#### Work item
Each entry must be reproduced precisely as it stands.

#### Caption-style text data
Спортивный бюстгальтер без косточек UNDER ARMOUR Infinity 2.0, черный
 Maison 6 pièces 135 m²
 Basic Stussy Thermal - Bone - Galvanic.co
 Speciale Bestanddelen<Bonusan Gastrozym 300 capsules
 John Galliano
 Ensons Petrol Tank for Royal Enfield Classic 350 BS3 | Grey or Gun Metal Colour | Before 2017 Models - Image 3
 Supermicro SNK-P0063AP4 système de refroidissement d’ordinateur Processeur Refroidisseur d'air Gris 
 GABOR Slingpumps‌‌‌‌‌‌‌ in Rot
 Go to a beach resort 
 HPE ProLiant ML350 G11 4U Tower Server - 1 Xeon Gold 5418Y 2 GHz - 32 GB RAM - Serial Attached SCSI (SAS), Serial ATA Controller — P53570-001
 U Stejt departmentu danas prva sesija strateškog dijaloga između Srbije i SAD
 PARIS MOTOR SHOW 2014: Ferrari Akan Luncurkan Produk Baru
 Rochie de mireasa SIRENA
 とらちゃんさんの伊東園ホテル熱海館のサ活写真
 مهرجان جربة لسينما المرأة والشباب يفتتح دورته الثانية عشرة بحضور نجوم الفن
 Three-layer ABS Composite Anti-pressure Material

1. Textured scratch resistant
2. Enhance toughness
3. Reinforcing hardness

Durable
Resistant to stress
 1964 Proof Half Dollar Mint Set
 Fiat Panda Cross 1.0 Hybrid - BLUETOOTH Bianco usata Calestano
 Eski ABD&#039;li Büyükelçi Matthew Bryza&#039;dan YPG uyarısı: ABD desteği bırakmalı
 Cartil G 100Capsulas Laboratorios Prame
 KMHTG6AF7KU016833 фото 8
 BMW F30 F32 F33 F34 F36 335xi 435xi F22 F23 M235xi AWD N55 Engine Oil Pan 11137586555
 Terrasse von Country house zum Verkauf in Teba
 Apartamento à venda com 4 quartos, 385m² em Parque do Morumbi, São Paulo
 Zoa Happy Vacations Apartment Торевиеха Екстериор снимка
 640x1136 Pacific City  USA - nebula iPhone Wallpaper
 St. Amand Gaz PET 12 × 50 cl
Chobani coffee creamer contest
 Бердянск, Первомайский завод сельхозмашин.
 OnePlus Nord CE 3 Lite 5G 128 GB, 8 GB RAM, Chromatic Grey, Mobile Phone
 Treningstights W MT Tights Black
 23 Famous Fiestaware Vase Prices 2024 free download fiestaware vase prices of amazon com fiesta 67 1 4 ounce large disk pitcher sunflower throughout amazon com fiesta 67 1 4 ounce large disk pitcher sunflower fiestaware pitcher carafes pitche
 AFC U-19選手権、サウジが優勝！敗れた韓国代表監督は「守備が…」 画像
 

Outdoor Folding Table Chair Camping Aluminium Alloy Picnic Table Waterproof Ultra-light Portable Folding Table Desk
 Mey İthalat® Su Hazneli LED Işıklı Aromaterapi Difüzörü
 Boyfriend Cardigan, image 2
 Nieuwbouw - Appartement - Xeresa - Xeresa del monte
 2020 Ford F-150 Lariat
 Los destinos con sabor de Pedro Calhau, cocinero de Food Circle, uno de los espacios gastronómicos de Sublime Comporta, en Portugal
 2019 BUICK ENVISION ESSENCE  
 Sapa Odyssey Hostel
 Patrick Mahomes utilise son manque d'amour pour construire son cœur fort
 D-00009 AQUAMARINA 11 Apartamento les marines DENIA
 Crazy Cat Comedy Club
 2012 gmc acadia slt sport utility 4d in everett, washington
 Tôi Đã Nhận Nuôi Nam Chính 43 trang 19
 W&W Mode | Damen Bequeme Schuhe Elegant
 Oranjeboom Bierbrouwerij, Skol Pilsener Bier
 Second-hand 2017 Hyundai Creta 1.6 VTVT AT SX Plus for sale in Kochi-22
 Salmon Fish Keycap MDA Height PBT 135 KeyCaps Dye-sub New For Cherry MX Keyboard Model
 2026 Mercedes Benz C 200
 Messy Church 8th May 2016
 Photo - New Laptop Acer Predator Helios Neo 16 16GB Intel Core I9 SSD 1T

#### Result of this task
Спортивный бюстгальтер без косточек UNDER ARMOUR Infinity 2.0, черный
 Maison 6 pièces 135 m²
 Basic Stussy Thermal - Bone - Galvanic.co
 Speciale Bestanddelen<Bonusan Gastrozym 300 capsules
 John Galliano
 Ensons Petrol Tank for Royal Enfield Classic 350 BS3 | Grey or Gun Metal Colour | Before 2017 Models - Image 3
 Supermicro SNK-P0063AP4 système de refroidissement d’ordinateur Processeur Refroidisseur d'air Gris 
 GABOR Slingpumps‌‌‌‌‌‌‌ in Rot
 Go to a beach resort 
 HPE ProLiant ML350 G11 4U Tower Server - 1 Xeon Gold 5418Y 2 GHz - 32 GB RAM - Serial Attached SCSI (SAS), Serial ATA Controller — P53570-001
 U Stejt departmentu danas prva sesija strateškog dijaloga između Srbije i SAD
 PARIS MOTOR SHOW 2014: Ferrari Akan Luncurkan Produk Baru
 Rochie de mireasa SIRENA
 とらちゃんさんの伊東園ホテル熱海館のサ活写真
 مهرجان جربة لسينما المرأة والشباب يفتتح دورته الثانية عشرة بحضور نجوم الفن
 Three-layer ABS Composite Anti-pressure Material

1. Textured scratch resistant
2. Enhance toughness
3. Reinforcing hardness

Durable
Resistant to stress
 1964 Proof Half Dollar Mint Set
 Fiat Panda Cross 1.0 Hybrid - BLUETOOTH Bianco usata Calestano
 Eski ABD&#039;li Büyükelçi Matthew Bryza&#039;dan YPG uyarısı: ABD desteği bırakmalı
 Cartil G 100Capsulas Laboratorios Prame
 KMHTG6AF7KU016833 фото 8
 BMW F30 F32 F33 F34 F36 335xi 435xi F22 F23 M235xi AWD N55 Engine Oil Pan 11137586555
 Terrasse von Country house zum Verkauf in Teba
 Apartamento à venda com 4 quartos, 385m² em Parque do Morumbi, São Paulo
 Zoa Happy Vacations Apartment Торевиеха Екстериор снимка
 640x1136 Pacific City  USA - nebula iPhone Wallpaper
 St. Amand Gaz PET 12 × 50 cl
Chobani coffee creamer contest
 Бердянск, Первомайский завод сельхозмашин.
 OnePlus Nord CE 3 Lite 5G 128 GB, 8 GB RAM, Chromatic Grey, Mobile Phone
 Treningstights W MT Tights Black
 23 Famous Fiestaware Vase Prices 2024 free download fiestaware vase prices of amazon com fiesta 67 1 4 ounce large disk pitcher sunflower throughout amazon com fiesta 67 1 4 ounce large disk pitcher sunflower fiestaware pitcher carafes pitche
 AFC U-19選手権、サウジが優勝！敗れた韓国代表監督は「守備が…」 画像
 

Outdoor Folding Table Chair Camping Aluminium Alloy Picnic Table Waterproof Ultra-light Portable Folding Table Desk
 Mey İthalat® Su Hazneli LED Işıklı Aromaterapi Difüzörü
 Boyfriend Cardigan, image 2
 Nieuwbouw - Appartement - Xeresa - Xeresa del monte
 2020 Ford F-150 Lariat
 Los destinos con sabor de Pedro Calhau, cocinero de Food Circle, uno de los espacios gastronómicos de Sublime Comporta, en Portugal
 2019 BUICK ENVISION ESSENCE  
 Sapa Odyssey Hostel
 Patrick Mahomes utilise son manque d'amour pour construire son cœur fort
 D-00009 AQUAMARINA 11 Apartamento les marines DENIA
 Crazy Cat Comedy Club
 2012 gmc acadia slt sport utility 4d in everett, washington
 Tôi Đã Nhận Nuôi Nam Chính 43 trang 19
 W&W Mode | Damen Bequeme Schuhe Elegant
 Oranjeboom Bierbrouwerij, Skol Pilsener Bier
 Second-hand 2017 Hyundai Creta 1.6 VTVT AT SX Plus for sale in Kochi-22
 Salmon Fish Keycap MDA Height PBT 135 KeyCaps Dye-sub New For Cherry MX Keyboard Model
 2026 Mercedes Benz C 200
 Messy Church 8th May 2016
 Photo - New Laptop Acer Predator Helios Neo 16 16GB Intel Core I9 SSD 1T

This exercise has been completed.